━━━ Record extracts
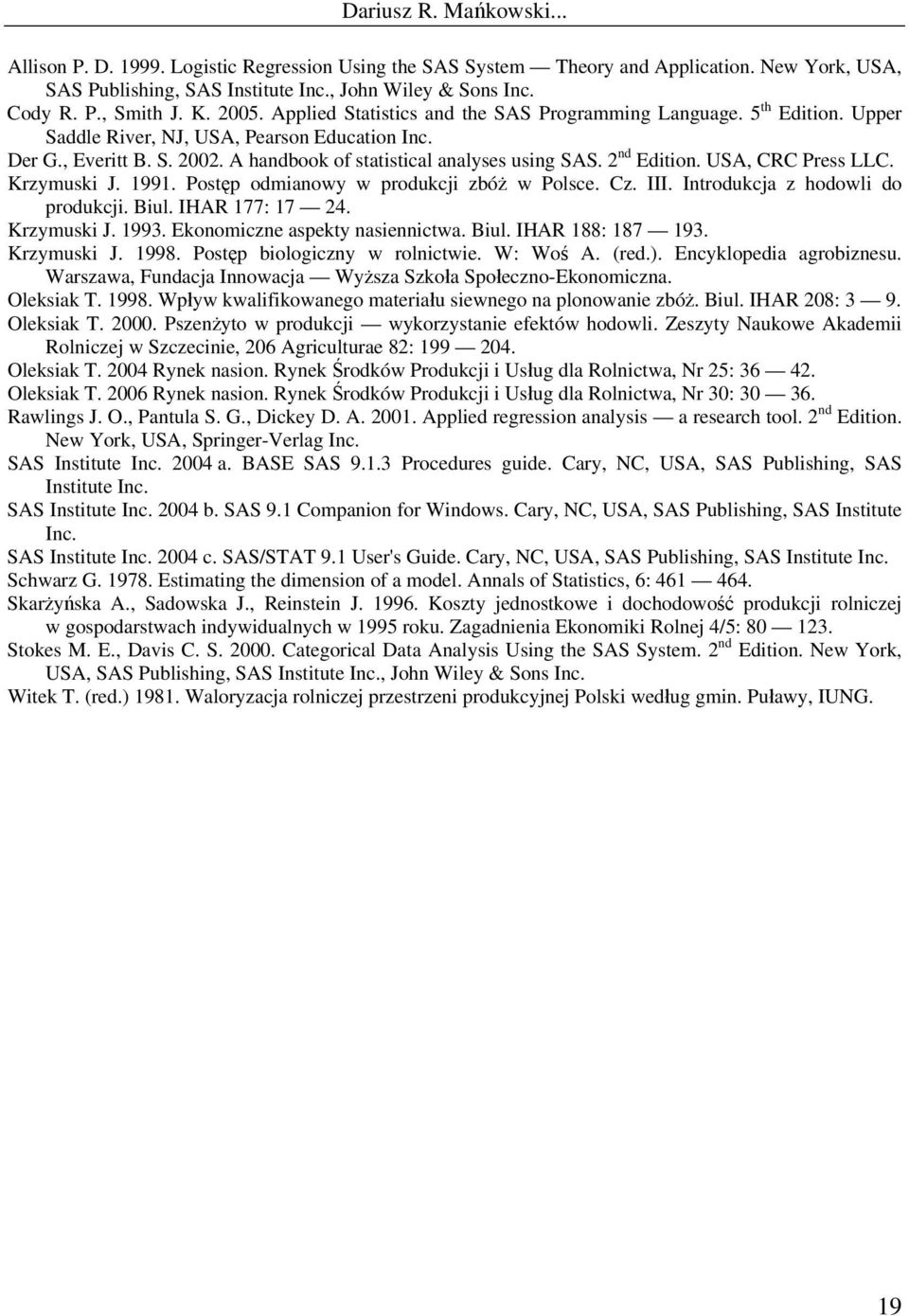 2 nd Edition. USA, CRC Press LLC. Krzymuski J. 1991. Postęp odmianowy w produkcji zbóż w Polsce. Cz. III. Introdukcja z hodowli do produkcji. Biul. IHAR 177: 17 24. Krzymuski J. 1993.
━━━━━━
━━━ Record extracts
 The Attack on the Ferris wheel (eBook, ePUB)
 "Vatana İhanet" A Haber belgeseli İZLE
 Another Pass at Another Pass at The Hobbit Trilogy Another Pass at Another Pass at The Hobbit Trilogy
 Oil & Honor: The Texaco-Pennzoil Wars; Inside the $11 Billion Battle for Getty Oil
━━━━━━
■ What you will do
Starting at the line that has "The Attack on the Ferris wheel (eBook, ePUB)" in the records above, restate word for word every line until the one that has "Oil & Honor: The", and include that one as well.

■ Output of the task
 The Attack on the Ferris wheel (eBook, ePUB)
 "Vatana İhanet" A Haber belgeseli İZLE
 Another Pass at Another Pass at The Hobbit Trilogy Another Pass at Another Pass at The Hobbit Trilogy
 Oil & Honor: The Texaco-Pennzoil Wars; Inside the $11 Billion Battle for Getty Oil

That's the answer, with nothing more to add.